- Published on
ogee: Export OSM Road Networks as Graphs from Your Browser
- Authors

- Name
- Till Heller
When working with road networks — for shortest-path algorithms, traffic simulations, or operations research projects — the first step is always the same: get graph data. Tools like OSMnx do this well from Python, but sometimes you want to grab a quick subgraph of the area you are looking at right now without leaving the browser. That is what ogee (OSM Graph Export Extension) does.
What it does
ogee is a Chrome extension that adds an "Export" button to openstreetmap.org. Click it, and a sidebar panel appears with bounding-box coordinates pre-filled from your current map view. Hit "Generate Graph", and the extension fetches road data from the Overpass API, converts it into a directed graph, shows a canvas preview, and lets you download the result in one of four formats: JSON, GraphML, CSV, or LaTeX TikZ.
The graph is directed: one-way streets produce a single edge, two-way streets produce edges in both directions. Edge weights are real-world distances in kilometers, computed via the Haversine formula. Each edge also carries the OSM highway type (e.g. residential, primary) and the street name where available.
Architecture in 30 seconds
The extension follows Chrome's Manifest V3 message-passing pattern:
- Content script — injected into openstreetmap.org, manages the UI (nav button, sidebar panel, coordinate inputs, canvas preview).
- Background service worker — receives bounding-box coordinates, queries the Overpass API, converts raw OSM elements into a node-link graph, and serializes to the requested export format.
- Popup — alternative lightweight UI accessible from the extension icon.
For larger areas the background worker automatically tiles the bounding box into ~5 km chunks, fetches them sequentially (to stay within Overpass rate limits), and merges the results with deduplication.
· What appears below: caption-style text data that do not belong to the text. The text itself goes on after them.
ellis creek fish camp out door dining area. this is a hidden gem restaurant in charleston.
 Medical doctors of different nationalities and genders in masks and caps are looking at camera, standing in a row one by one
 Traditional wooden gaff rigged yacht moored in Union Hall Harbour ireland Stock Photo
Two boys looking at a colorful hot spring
All pure logic — graph conversion, format serialization, bounds validation, tiling — lives in a shared lib/graph-utils.js module, which is covered by a Jest test suite.
Using the output
NetworkX (Python)
The JSON export uses NetworkX's node-link format, so importing is a one-liner:
import json, networkx as nx
from networkx.readwrite import json_graph
with open("osm-graph.json") as f:
G = json_graph.node_link_graph(json.load(f))
print(f"{G.number_of_nodes()} nodes, {G.number_of_edges()} edges")
GraphML works just as directly:
G = nx.read_graphml("osm-graph.graphml", node_type=int)
Plotting
Since every node carries lat and lon attributes, plotting the network on a 2D plane is straightforward:
import matplotlib.pyplot as plt
pos = {n: (d["lon"], d["lat"]) for n, d in G.nodes(data=True)}
nx.draw(G, pos, node_size=2, width=0.3, arrows=False)
plt.axis("equal")
plt.show()
LaTeX TikZ
The TikZ export produces a standalone .tex file that compiles directly with pdflatex. Node positions are projected from geographic coordinates to a local coordinate system scaled to 10 cm on the longer axis. Bidirectional edges are drawn once to keep the output clean.
\documentclass[tikz]{standalone}
\usepackage{tikz}
\begin{document}
\begin{tikzpicture}[
vertex/.style={circle, fill=black, inner sep=0pt, minimum size=1.5pt},
edge/.style={draw, thin, black!40},
]
\node[vertex] (n0) at (0.0000,5.0000) {};
\node[vertex] (n1) at (5.0000,10.0000) {};
...
\draw[edge] (n0) -- (n1);
...
\end{tikzpicture}
\end{document}
This is useful when you need a road network figure in a paper or thesis and want full control over styling. Since it is just TikZ, you can adjust colors, line widths, add labels, or overlay additional annotations directly in LaTeX.
Limitations
- The Overpass API has rate limits and can be slow for very large areas. ogee mitigates this with tiling, but city-scale exports can still take a while.
- Minor road types (footways, cycleways, service roads, tracks) are excluded by default — the focus is on the drivable road network.
- The extension only runs on
openstreetmap.org. It does not work on other map providers.
For heavy-duty analysis involving entire cities or custom filtering, OSMnx remains the better tool. ogee fills a different niche: quick, visual, browser-native graph extraction for the area you happen to be looking at.